WORK INSTRUCTION:
Exact repetition of a range: find the line containing "2008 Azelf LV.X" and the line containing "Exit - Forgotten Island - ESCAPE GAMES" in the material below, then repeat both and all lines between them, leaving pictures out.

RECORDS SHOWN:
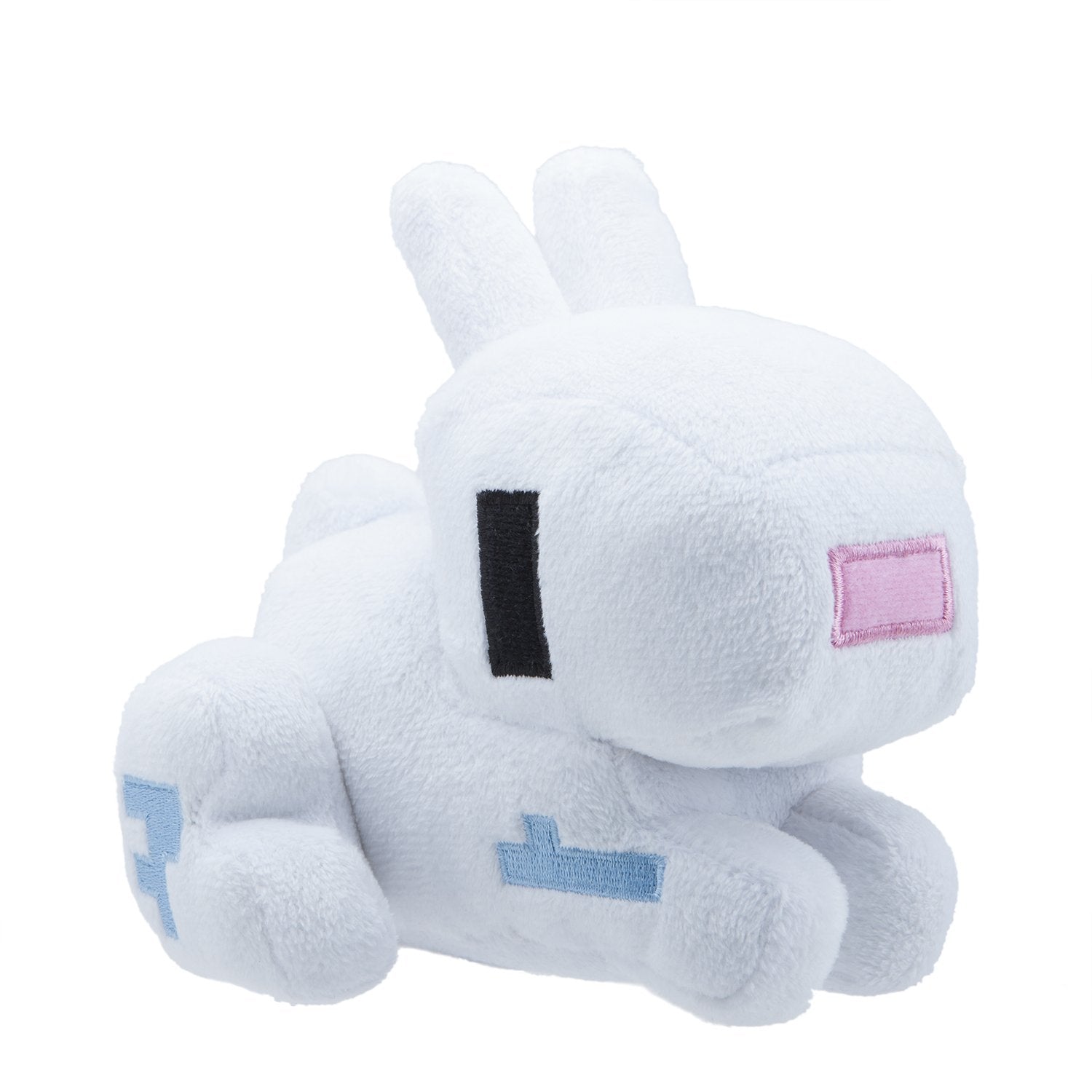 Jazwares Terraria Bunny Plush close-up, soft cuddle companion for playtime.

--

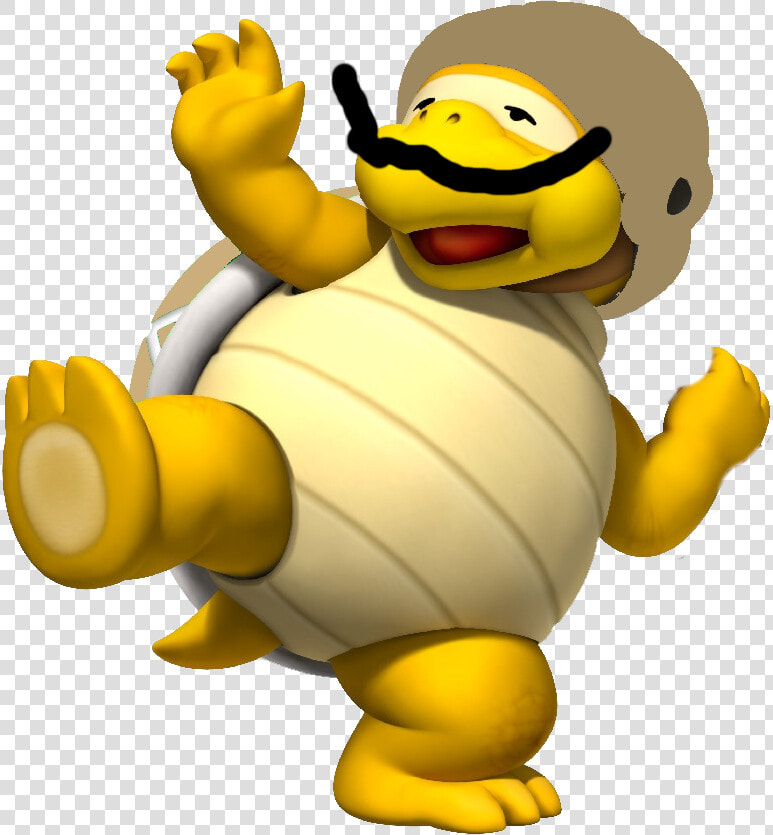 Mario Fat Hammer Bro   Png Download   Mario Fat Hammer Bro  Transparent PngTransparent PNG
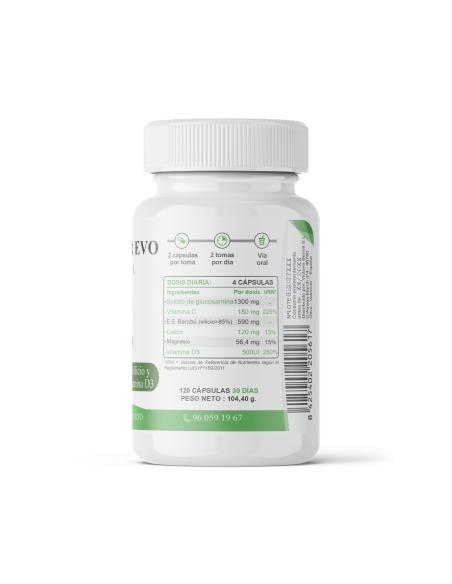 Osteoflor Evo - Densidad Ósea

---

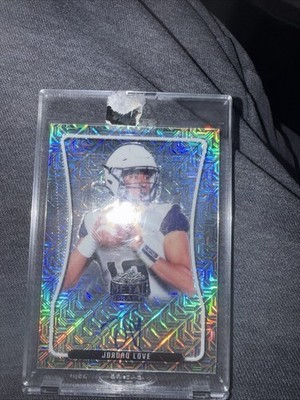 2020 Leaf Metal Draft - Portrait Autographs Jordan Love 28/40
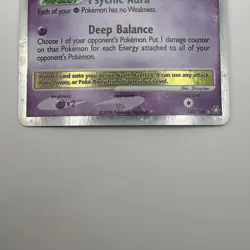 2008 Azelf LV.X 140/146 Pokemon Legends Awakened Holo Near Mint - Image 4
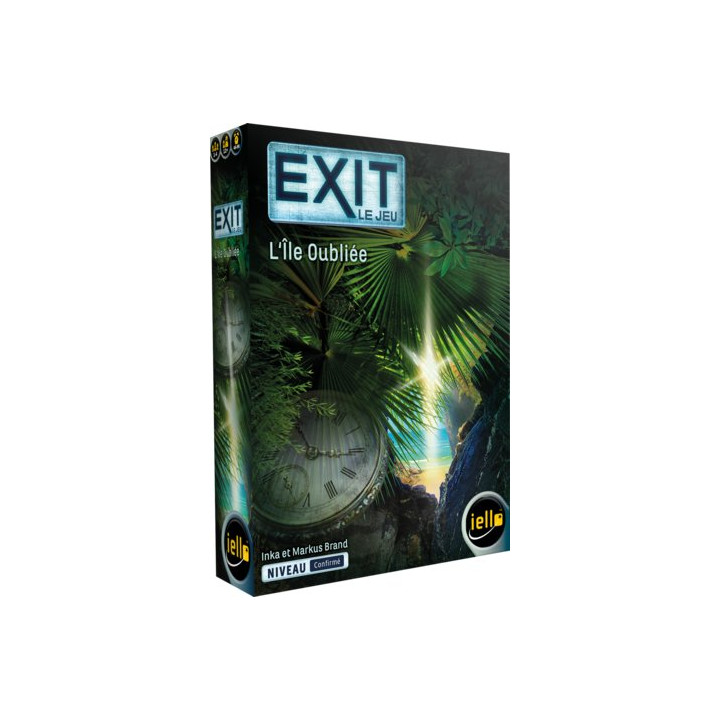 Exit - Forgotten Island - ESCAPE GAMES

EXERCISE SOLUTION:
 2008 Azelf LV.X 140/146 Pokemon Legends Awakened Holo Near Mint - Image 4
 Exit - Forgotten Island - ESCAPE GAMES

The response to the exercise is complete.